_WHAT THE TASK ASKS_
Give again the lines from the line with "One Shoulder Long Sleeve Top with Tail" to the last line of the records, exactly and in full. Do not carry over any pictures.

Captioned web images:

┄┄┄┄┄┄┄┄┄┄

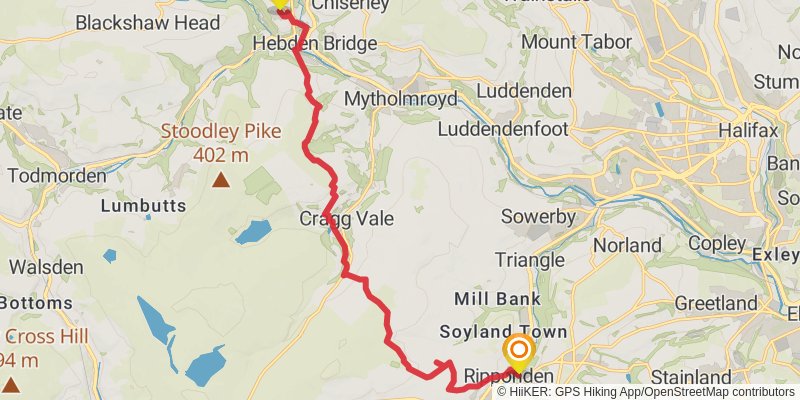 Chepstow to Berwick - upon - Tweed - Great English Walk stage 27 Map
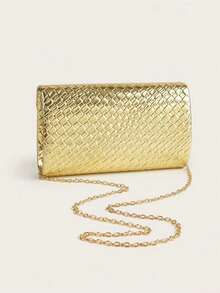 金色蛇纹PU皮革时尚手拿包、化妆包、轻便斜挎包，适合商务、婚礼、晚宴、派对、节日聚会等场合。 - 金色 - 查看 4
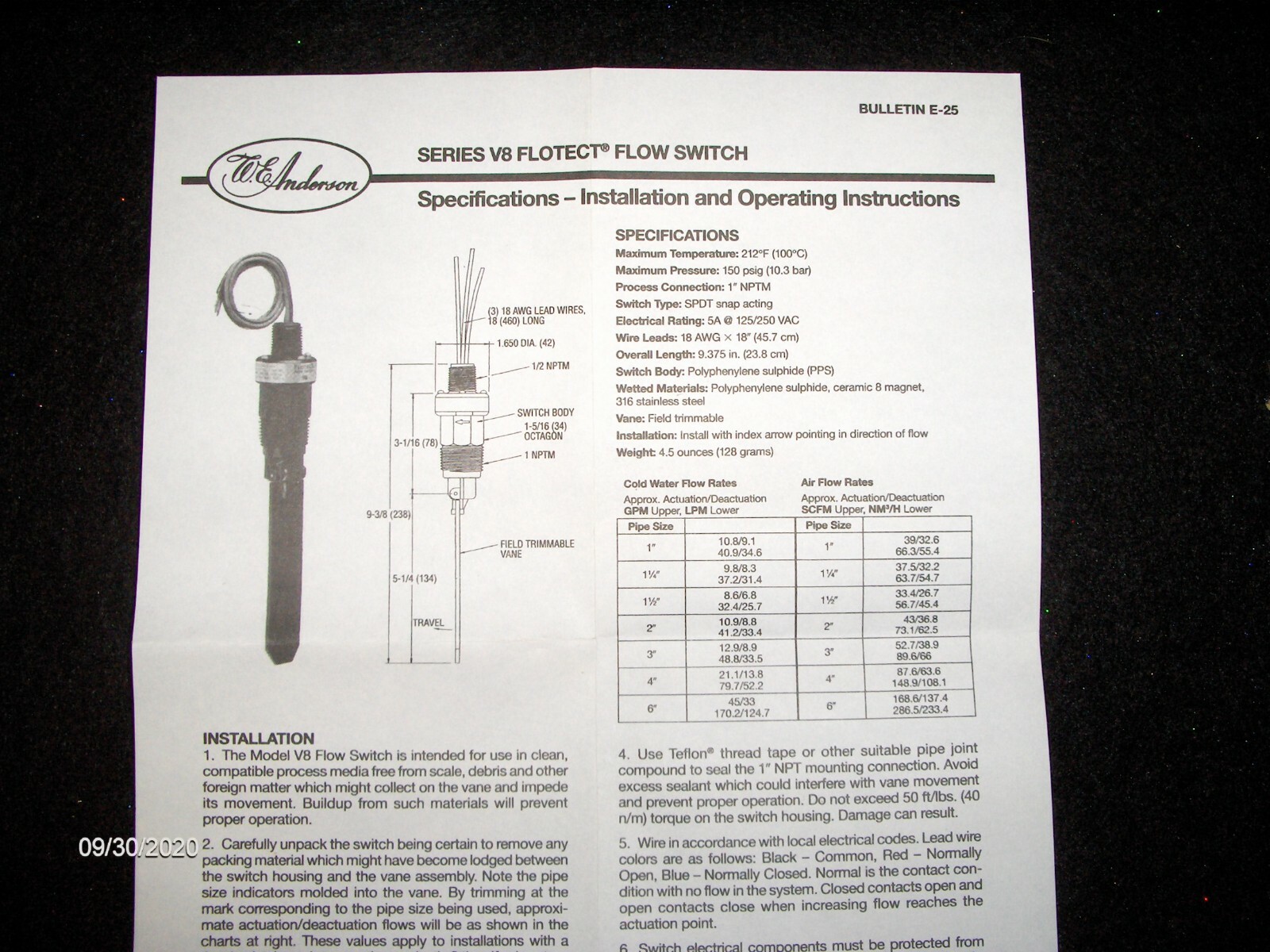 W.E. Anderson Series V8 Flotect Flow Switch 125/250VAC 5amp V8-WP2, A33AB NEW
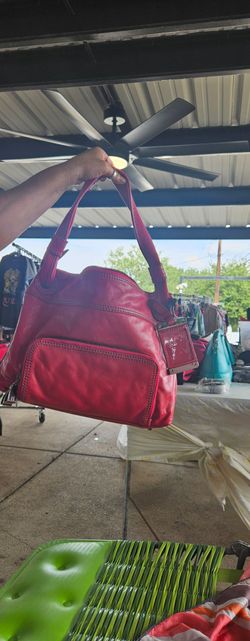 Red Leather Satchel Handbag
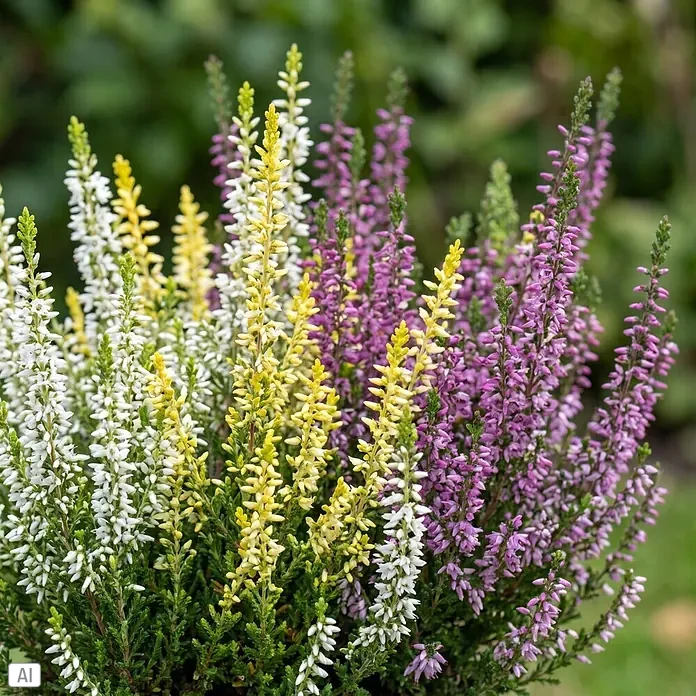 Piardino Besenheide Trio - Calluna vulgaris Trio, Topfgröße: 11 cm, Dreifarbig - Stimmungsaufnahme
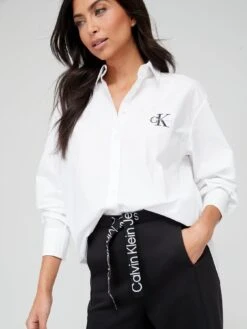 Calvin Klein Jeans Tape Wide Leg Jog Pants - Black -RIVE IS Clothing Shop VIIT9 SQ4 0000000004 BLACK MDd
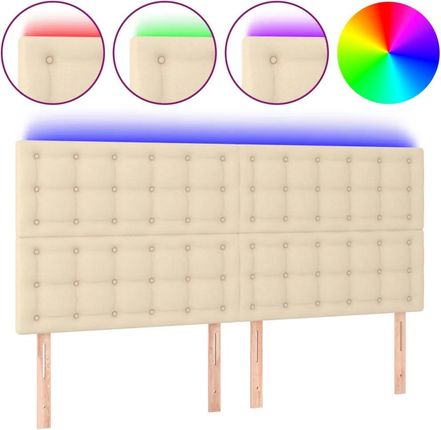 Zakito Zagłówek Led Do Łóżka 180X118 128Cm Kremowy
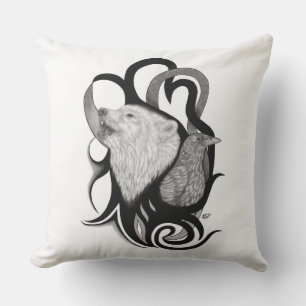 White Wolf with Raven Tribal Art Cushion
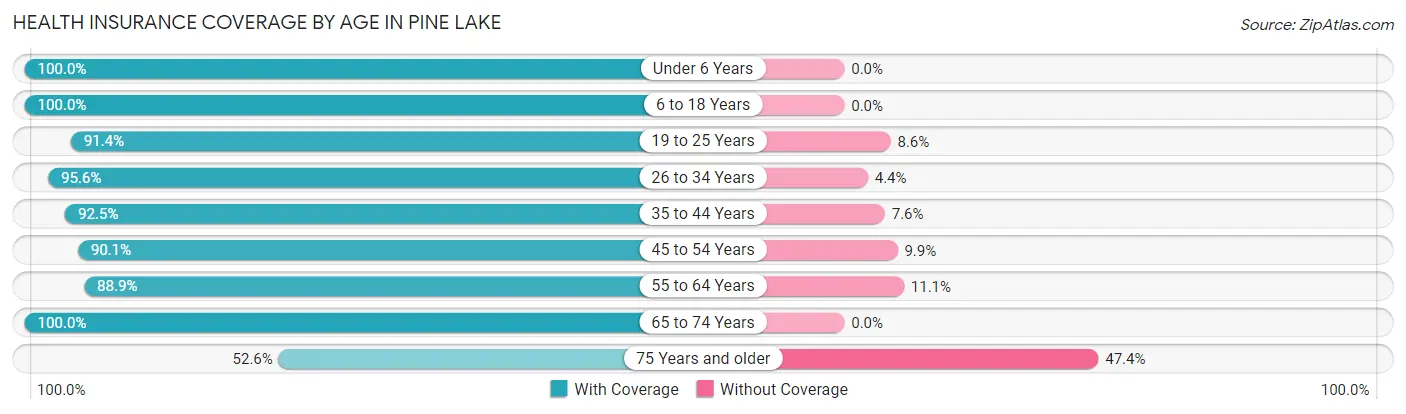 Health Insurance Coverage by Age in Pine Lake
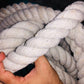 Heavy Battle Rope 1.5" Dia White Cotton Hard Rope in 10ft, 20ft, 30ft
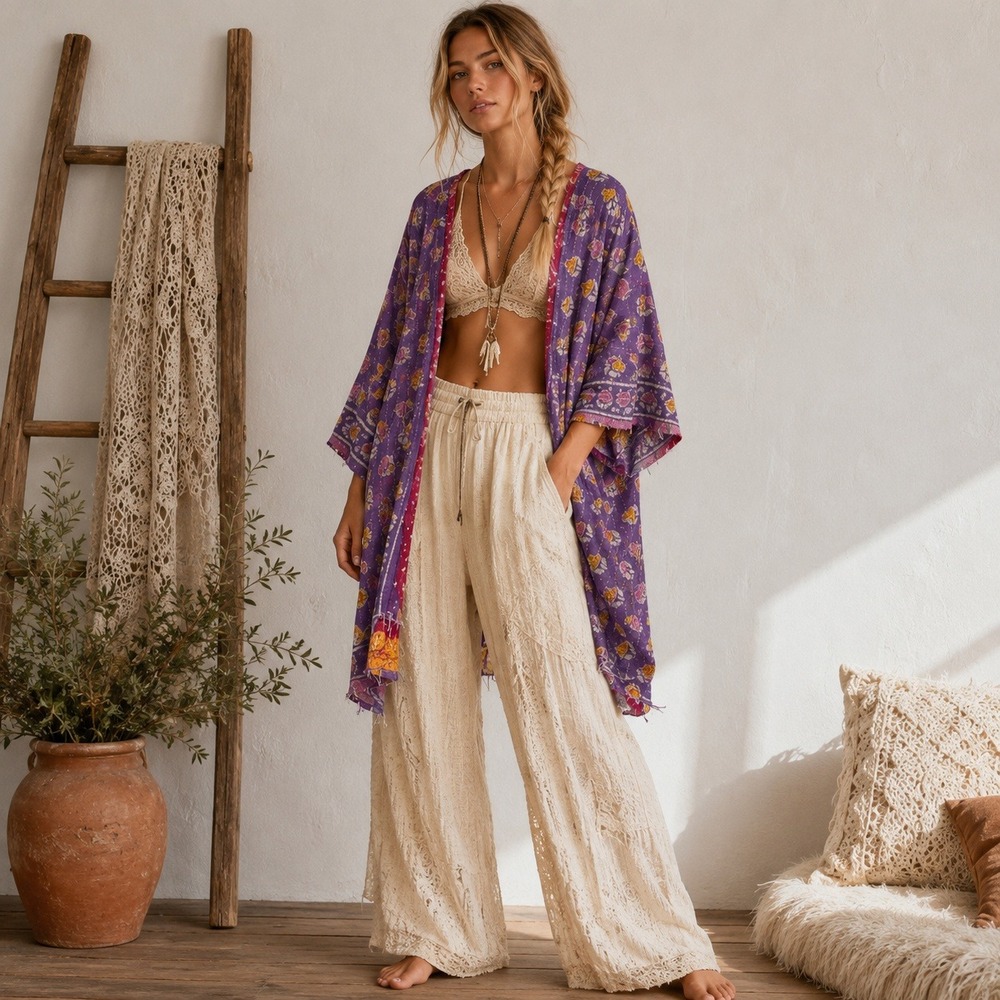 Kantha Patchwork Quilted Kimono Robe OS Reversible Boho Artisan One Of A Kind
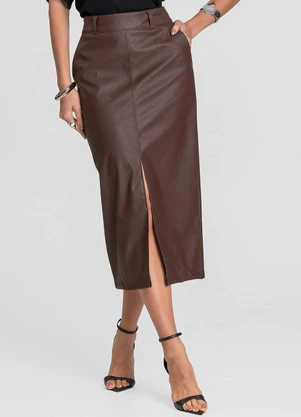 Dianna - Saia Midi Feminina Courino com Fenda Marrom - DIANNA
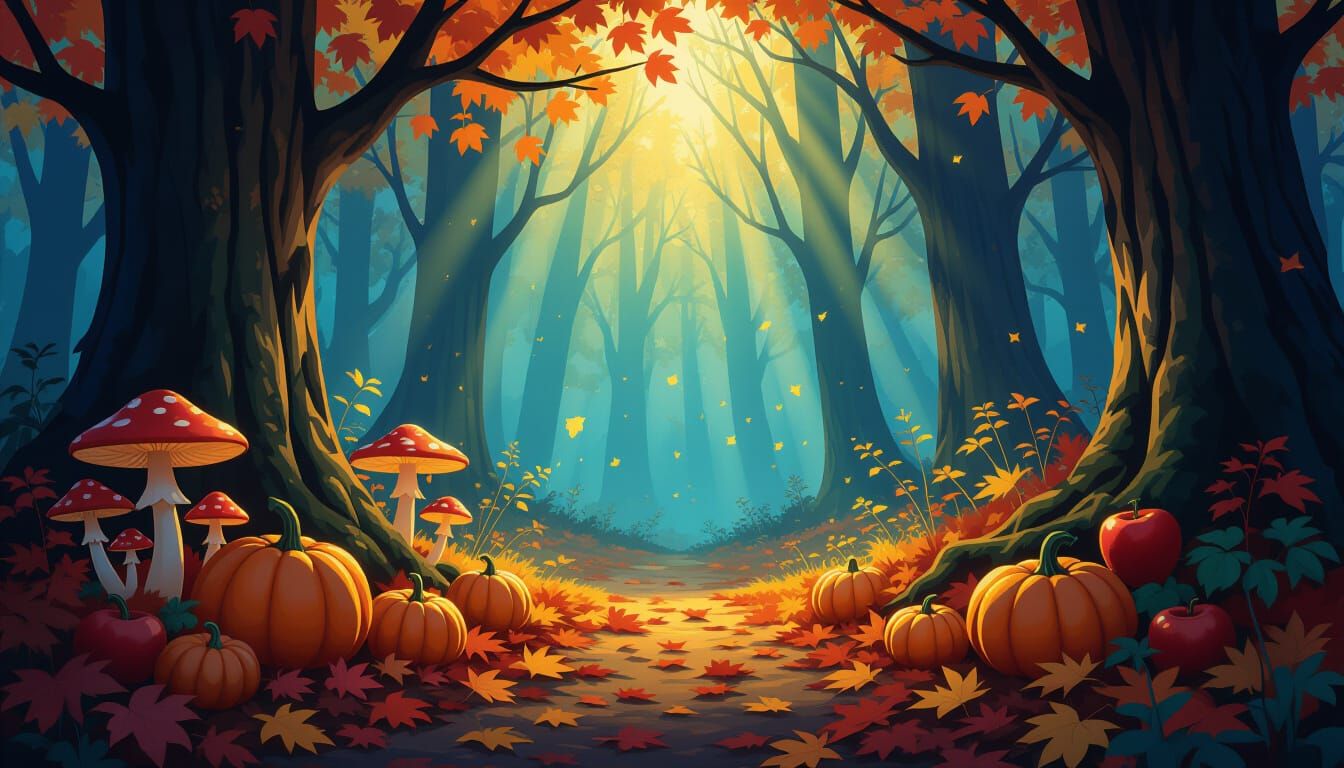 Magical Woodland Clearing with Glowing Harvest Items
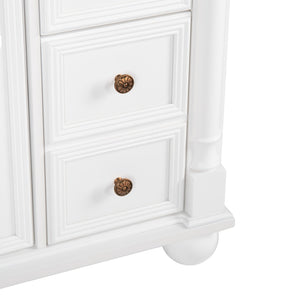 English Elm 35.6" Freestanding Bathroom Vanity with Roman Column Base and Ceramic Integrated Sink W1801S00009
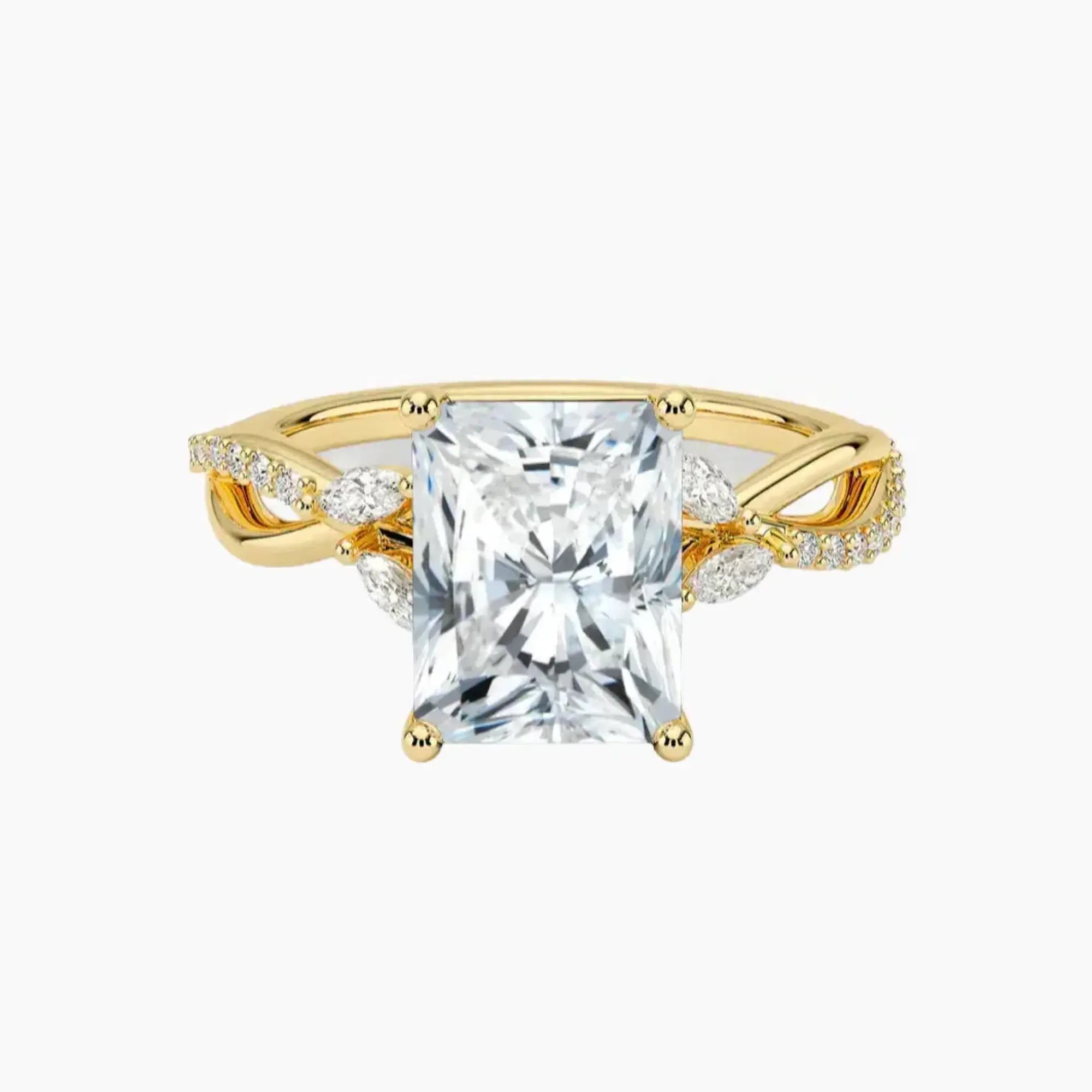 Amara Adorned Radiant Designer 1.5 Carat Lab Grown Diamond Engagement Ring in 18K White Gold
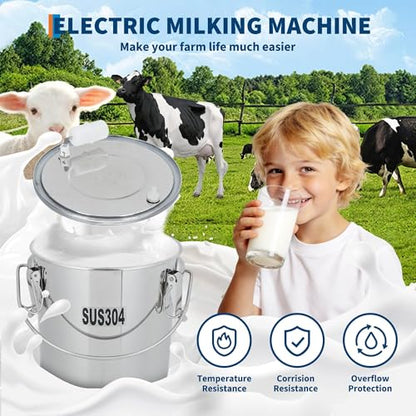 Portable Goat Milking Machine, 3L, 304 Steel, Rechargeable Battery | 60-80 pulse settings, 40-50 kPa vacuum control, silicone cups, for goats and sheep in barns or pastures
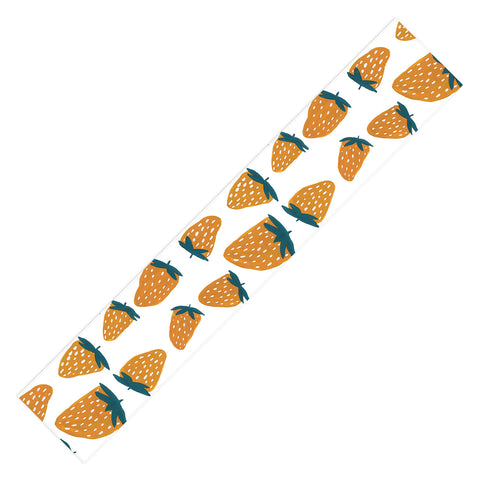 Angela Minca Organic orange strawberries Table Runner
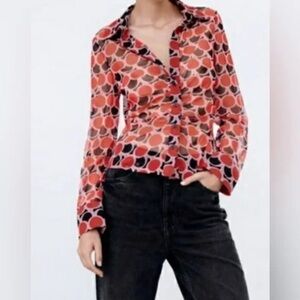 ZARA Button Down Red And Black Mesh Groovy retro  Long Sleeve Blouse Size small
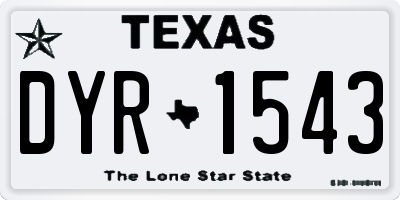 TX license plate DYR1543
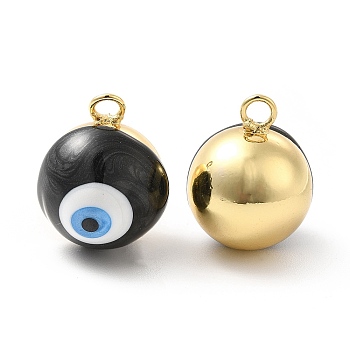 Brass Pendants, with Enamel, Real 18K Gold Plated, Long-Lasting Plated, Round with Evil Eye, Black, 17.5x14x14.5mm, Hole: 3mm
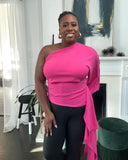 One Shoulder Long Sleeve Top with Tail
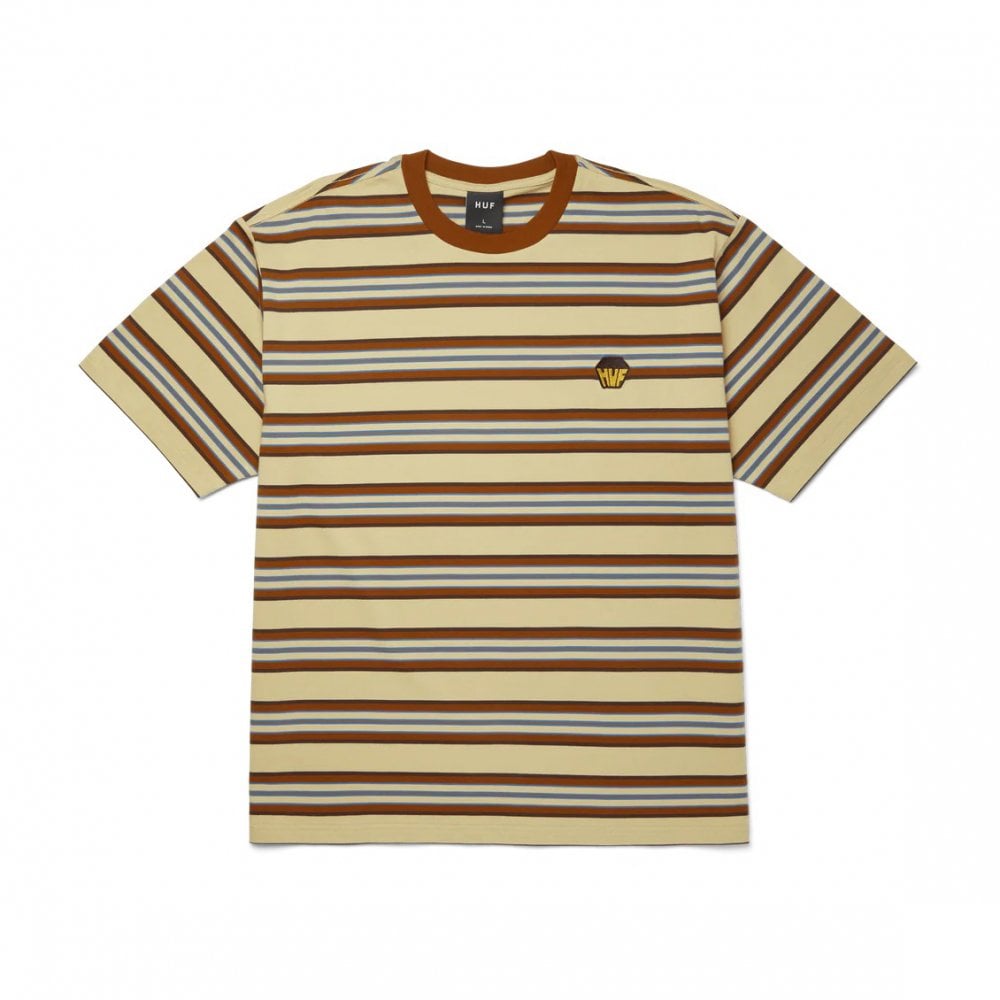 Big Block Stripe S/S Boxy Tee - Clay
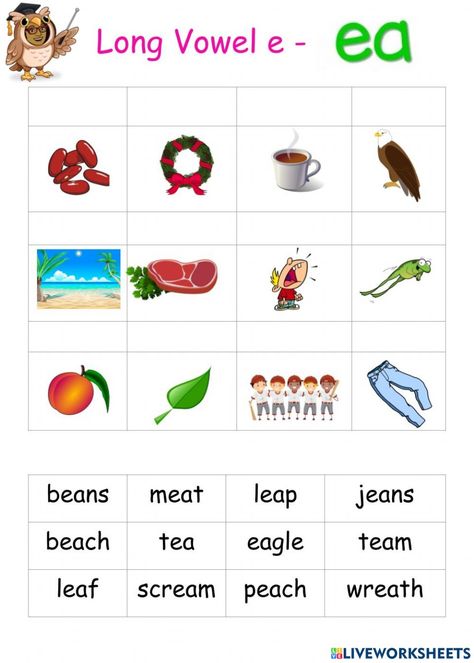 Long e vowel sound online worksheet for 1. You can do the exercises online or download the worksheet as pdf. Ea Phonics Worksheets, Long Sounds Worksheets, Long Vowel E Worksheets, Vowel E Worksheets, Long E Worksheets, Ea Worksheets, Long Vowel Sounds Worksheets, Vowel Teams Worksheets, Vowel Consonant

┄┄┄┄┄┄┄┄┄┄

_EXERCISE RESULT_
 One Shoulder Long Sleeve Top with Tail
 Big Block Stripe S/S Boxy Tee - Clay
 Long e vowel sound online worksheet for 1. You can do the exercises online or download the worksheet as pdf. Ea Phonics Worksheets, Long Sounds Worksheets, Long Vowel E Worksheets, Vowel E Worksheets, Long E Worksheets, Ea Worksheets, Long Vowel Sounds Worksheets, Vowel Teams Worksheets, Vowel Consonant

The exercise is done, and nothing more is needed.